With every picture left out, restate the listing below exactly as written.

--------------------

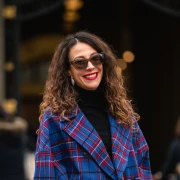 Outfit sa &scaron;pice koji bismo kopirale od glave do pete: Karirano, kristali i luksuzna torba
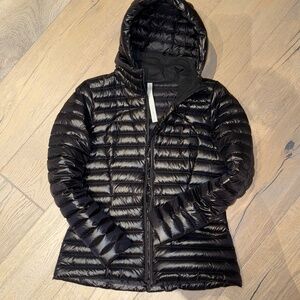 Lululemon Pack It Down Black Jacket 10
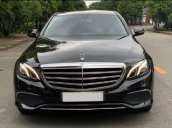 Bán xe Mercedes E200 sản xuất 2016, màu đen số tự động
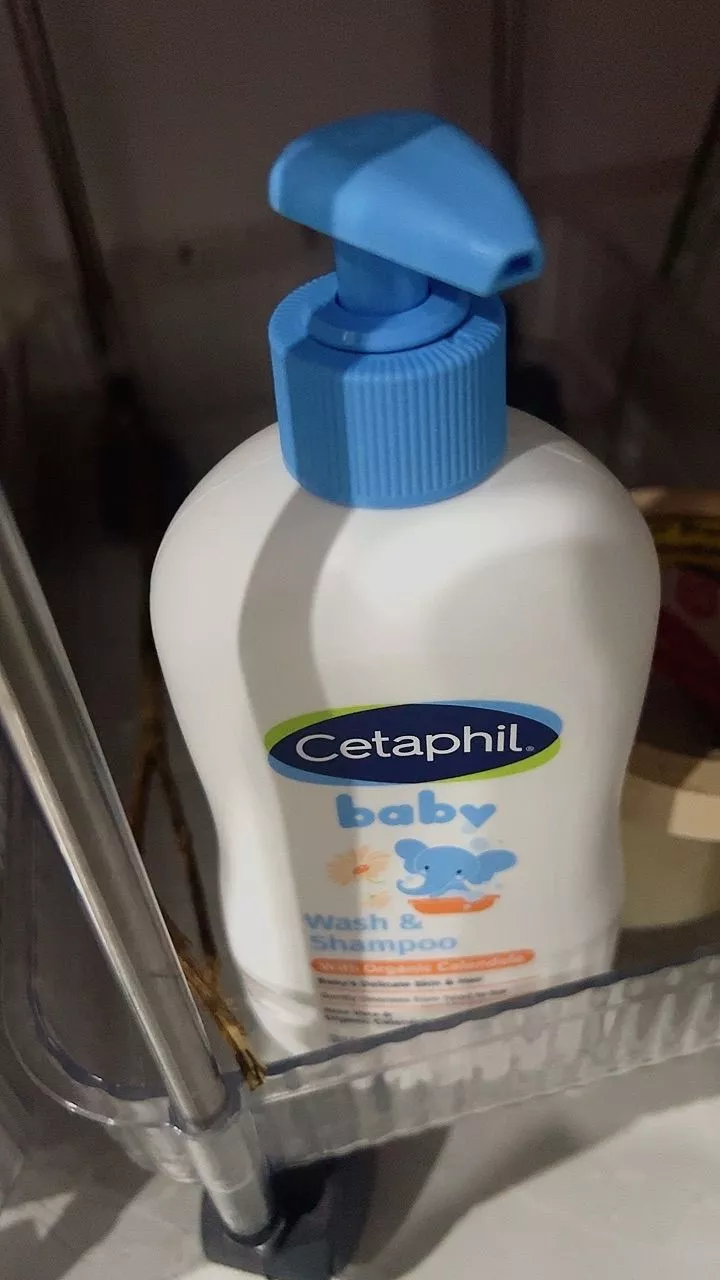 Sữa tắm gội trẻ em tinh chất hoa cúc (Cetaphil Baby Wash&Shampoo) 400ml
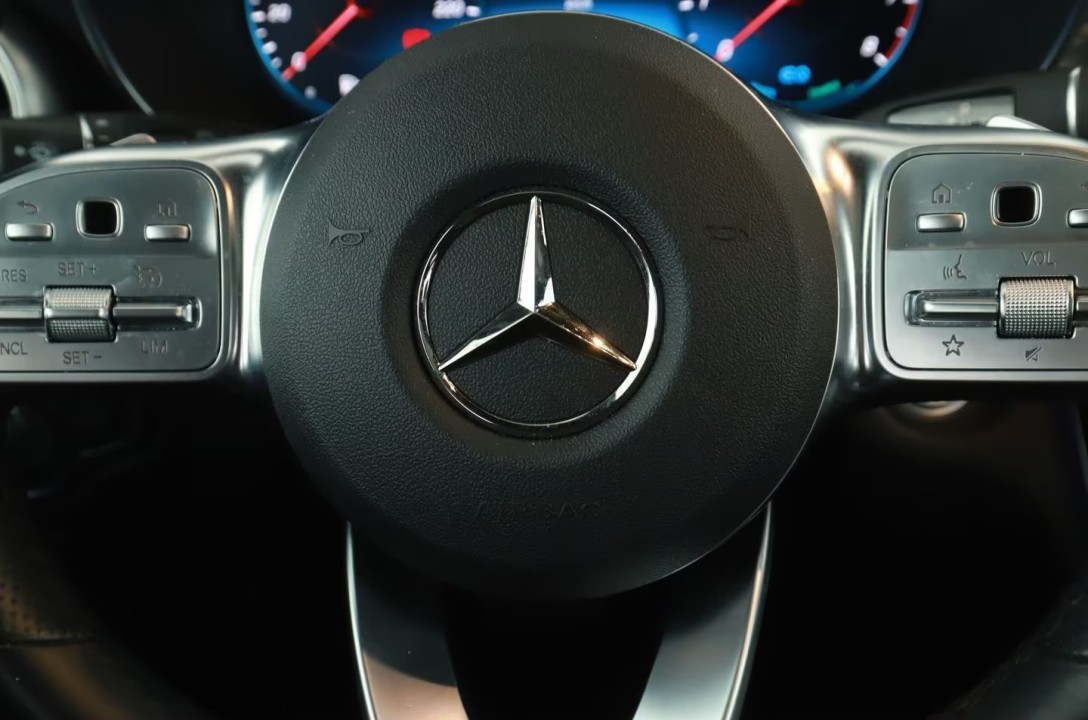 Mercedes-Benz GLC 200 4MATIC AMG Line - foto 14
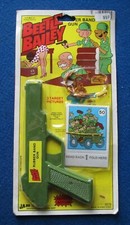 Beetle Bailey  Rubber Band Gun  - Sealed on Card  - old shop stock     1981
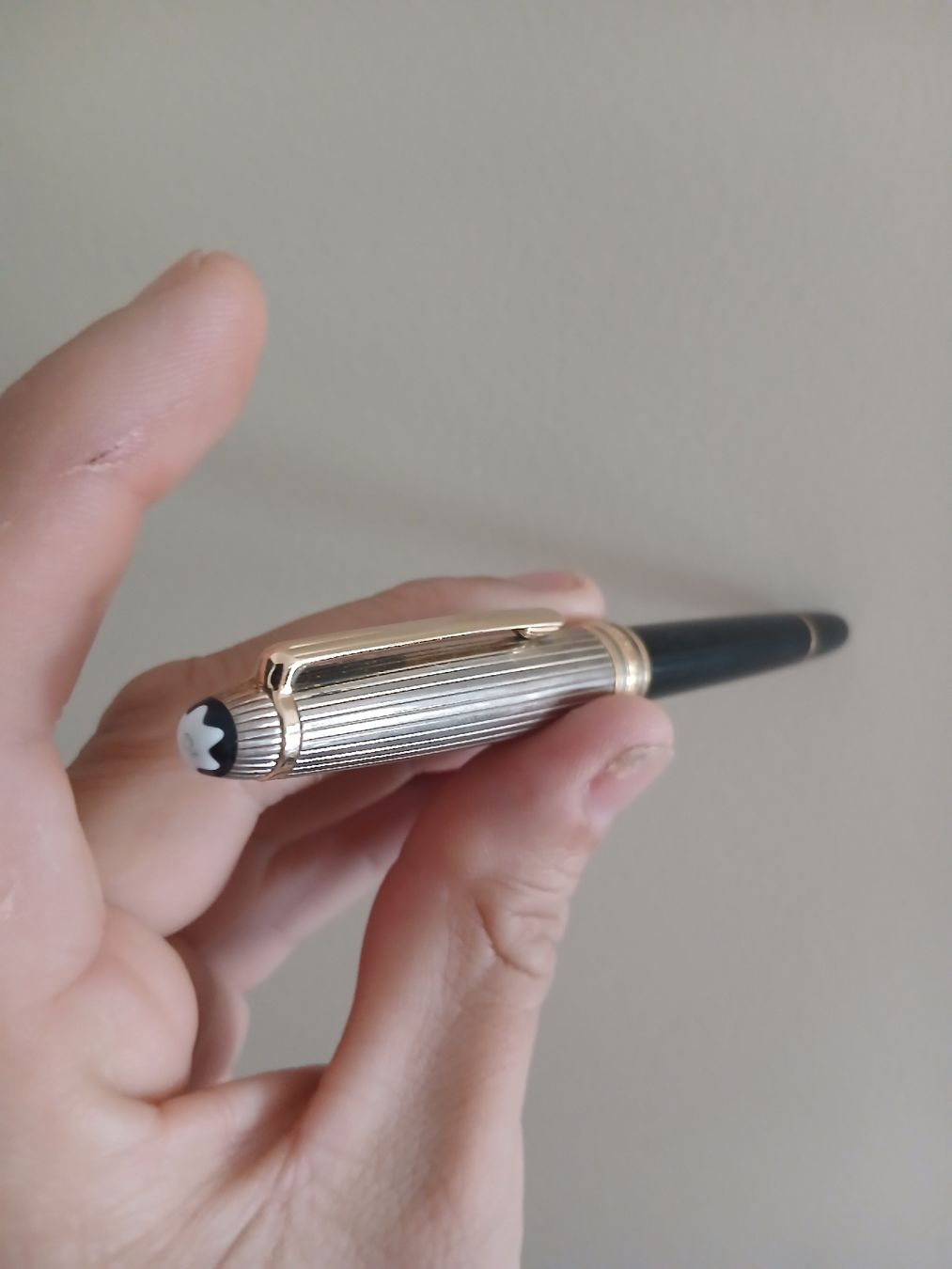 Montblanc Stylos & Marker: Beau stylo Montblanc  – D'occasion à Genève par Mamaison2026 1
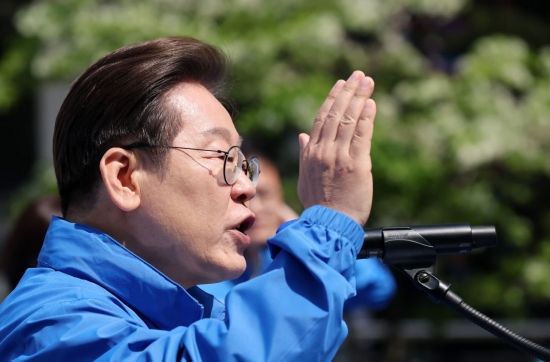 이재명 더불어민주당 대선후보가 제21대 대통령선거 공식 선거운동이 시작된 12일 서울 청계광장에서 열린 '빛의 혁명' 광화문 유세에서 연설하고 있다. 2025.5.12 김현민 기자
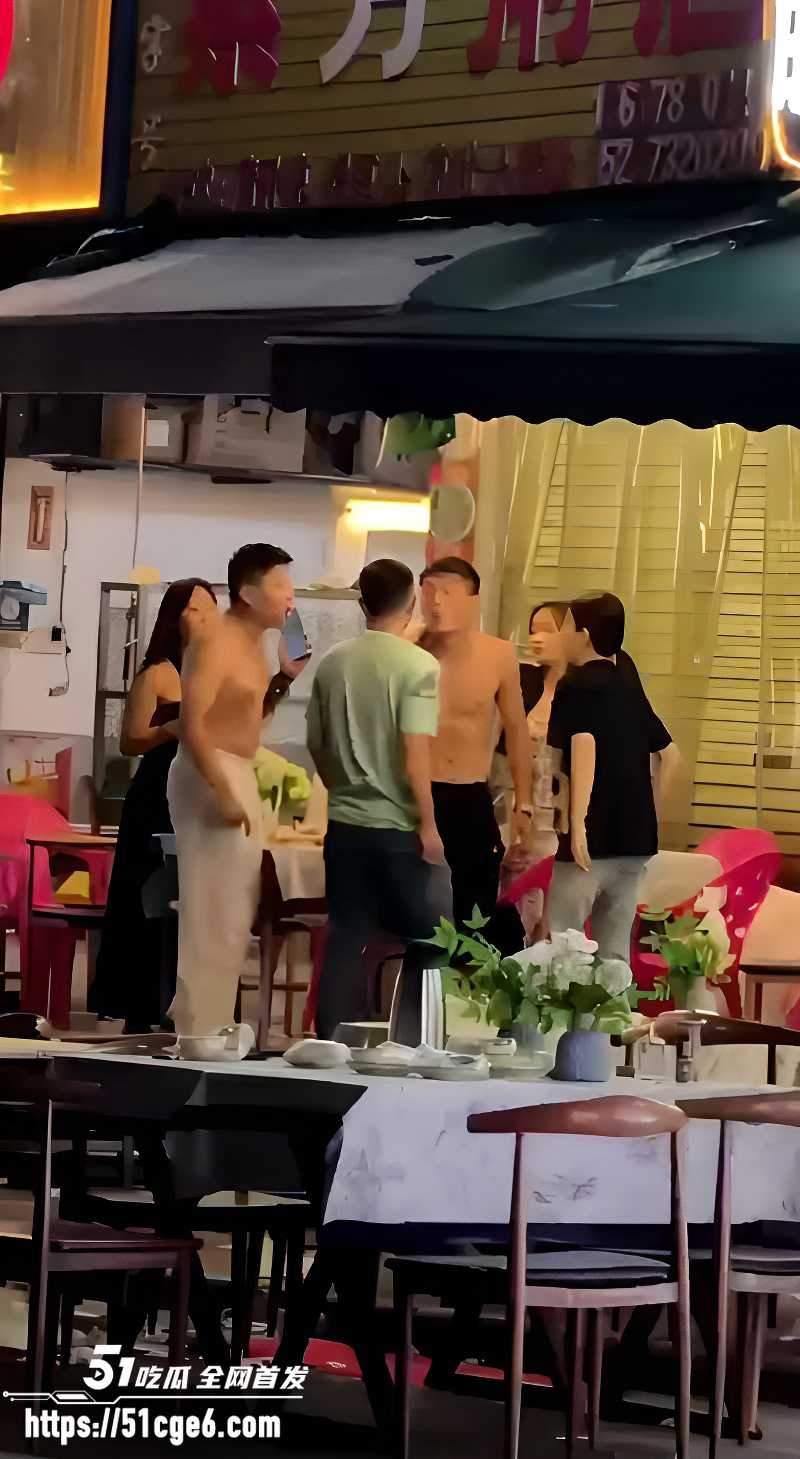 烧烤摊现场大乱斗 吃夜宵也能吵架打起来 一言不合就动手 一拳KO对手全场震惊！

--------------------

Response area:
 Outfit sa &scaron;pice koji bismo kopirale od glave do pete: Karirano, kristali i luksuzna torba
 Lululemon Pack It Down Black Jacket 10
 Bán xe Mercedes E200 sản xuất 2016, màu đen số tự động
 Sữa tắm gội trẻ em tinh chất hoa cúc (Cetaphil Baby Wash&Shampoo) 400ml
 Mercedes-Benz GLC 200 4MATIC AMG Line - foto 14
 Beetle Bailey  Rubber Band Gun  - Sealed on Card  - old shop stock     1981
 Montblanc Stylos & Marker: Beau stylo Montblanc  – D'occasion à Genève par Mamaison2026 1
 이재명 더불어민주당 대선후보가 제21대 대통령선거 공식 선거운동이 시작된 12일 서울 청계광장에서 열린 '빛의 혁명' 광화문 유세에서 연설하고 있다. 2025.5.12 김현민 기자
 烧烤摊现场大乱斗 吃夜宵也能吵架打起来 一言不合就动手 一拳KO对手全场震惊！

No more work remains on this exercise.